More here as well: http://blogs.msdn.com/b/vcblog/arch...review-work-in-progress-security-feature.aspx I was reading about this over the past few days and it seems quite interesting. It looks like CFG has to be enabled and compiled within the binaries and works for Windows 10 and also Windows 8.1 (November Update). The good thing is that it doesn't break the software if used on older OS which doesn't support CFG. I am curious as to whether or not EMET would be able to add this functionality. I'm not sure since CFG is added at compile time though. But not entirely sure if EMET could add that similar to how it injects it's .DLL into processes. It will be interesting to see. Good to see Microsoft thinking of newer mitigation methods, regardless.
Thanks for the link. Well, I also wonder and not sure if EMET can do. I personally hope regenpijp to chime in as he know those things better. Anyway it seems MS adds new mitigation every time when they release new OS, good thing except they don't spent much for non-latest OSes.
After they release new version of OS, they usually don't add new features to old one. Only security updates.

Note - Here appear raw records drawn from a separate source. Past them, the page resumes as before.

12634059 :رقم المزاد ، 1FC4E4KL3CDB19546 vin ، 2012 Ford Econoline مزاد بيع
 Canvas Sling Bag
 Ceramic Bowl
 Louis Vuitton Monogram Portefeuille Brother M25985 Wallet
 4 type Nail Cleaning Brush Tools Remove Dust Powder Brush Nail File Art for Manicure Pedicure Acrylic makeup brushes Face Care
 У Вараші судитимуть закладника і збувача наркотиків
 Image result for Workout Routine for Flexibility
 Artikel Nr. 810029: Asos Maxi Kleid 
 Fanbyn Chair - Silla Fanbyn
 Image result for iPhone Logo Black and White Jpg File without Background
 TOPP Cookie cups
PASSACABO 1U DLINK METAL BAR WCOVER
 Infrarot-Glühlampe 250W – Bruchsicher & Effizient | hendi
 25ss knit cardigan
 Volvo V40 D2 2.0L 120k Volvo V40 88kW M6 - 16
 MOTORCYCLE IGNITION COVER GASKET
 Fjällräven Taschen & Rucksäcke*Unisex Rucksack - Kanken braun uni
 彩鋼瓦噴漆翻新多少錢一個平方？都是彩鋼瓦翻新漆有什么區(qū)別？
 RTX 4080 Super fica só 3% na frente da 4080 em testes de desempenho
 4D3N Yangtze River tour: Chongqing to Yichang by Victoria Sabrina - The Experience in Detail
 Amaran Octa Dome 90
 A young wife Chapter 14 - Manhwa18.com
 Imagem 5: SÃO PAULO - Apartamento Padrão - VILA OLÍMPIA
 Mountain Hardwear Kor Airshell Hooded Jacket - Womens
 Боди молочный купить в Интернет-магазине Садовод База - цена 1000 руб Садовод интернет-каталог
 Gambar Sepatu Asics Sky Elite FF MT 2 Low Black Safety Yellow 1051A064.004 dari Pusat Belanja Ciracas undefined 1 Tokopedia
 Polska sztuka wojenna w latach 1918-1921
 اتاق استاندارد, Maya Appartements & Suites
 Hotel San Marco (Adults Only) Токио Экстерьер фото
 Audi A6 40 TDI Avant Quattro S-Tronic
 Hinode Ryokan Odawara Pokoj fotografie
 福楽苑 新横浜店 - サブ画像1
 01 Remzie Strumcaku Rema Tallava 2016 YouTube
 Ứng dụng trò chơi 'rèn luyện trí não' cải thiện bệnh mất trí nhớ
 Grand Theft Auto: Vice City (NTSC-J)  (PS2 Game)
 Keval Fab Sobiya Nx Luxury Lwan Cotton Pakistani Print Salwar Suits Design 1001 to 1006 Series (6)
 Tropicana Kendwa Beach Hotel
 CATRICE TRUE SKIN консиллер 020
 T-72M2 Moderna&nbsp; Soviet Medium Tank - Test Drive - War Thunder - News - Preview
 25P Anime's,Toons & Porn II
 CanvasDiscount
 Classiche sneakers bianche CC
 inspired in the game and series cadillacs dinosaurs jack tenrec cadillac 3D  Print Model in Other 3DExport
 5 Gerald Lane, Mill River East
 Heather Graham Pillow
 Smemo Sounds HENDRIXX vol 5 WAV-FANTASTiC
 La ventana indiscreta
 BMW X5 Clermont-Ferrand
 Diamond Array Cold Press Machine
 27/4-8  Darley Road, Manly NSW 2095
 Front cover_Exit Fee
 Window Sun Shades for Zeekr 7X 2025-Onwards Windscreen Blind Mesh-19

The Control Flow Guard in Windows 8.1u3 and 10 is so-called fine-grained Control-Flow Integrity (CFI) and is pure a software implementation. The CFI feature in both EMET and HitmanPro.Alert is so-called coarse grained Control-Flow Integrity. In EMET it is a pure software implementation (Caller mitigation). In Alert it is both a software and hardware implementation (Control-Flow Integrity mitigation). Control Flow Guard requires support from both the operating system (Windows 8.1u3 or 10) and recompiling of an application and its DLLs (sources needed). EMET and Alert can apply CFI to any version of Windows (XP or newer) and can be applied to any binary, no recompiling required. Of course the Control Flow Guard in Windows 8.1u3 or 10 provides better coverage as it is fine grained, but it is currently impractical as there are no binaries supporting CFG and Windows 8.1u3 market share is still very low. However over time (many years) this will change. Hope this helps.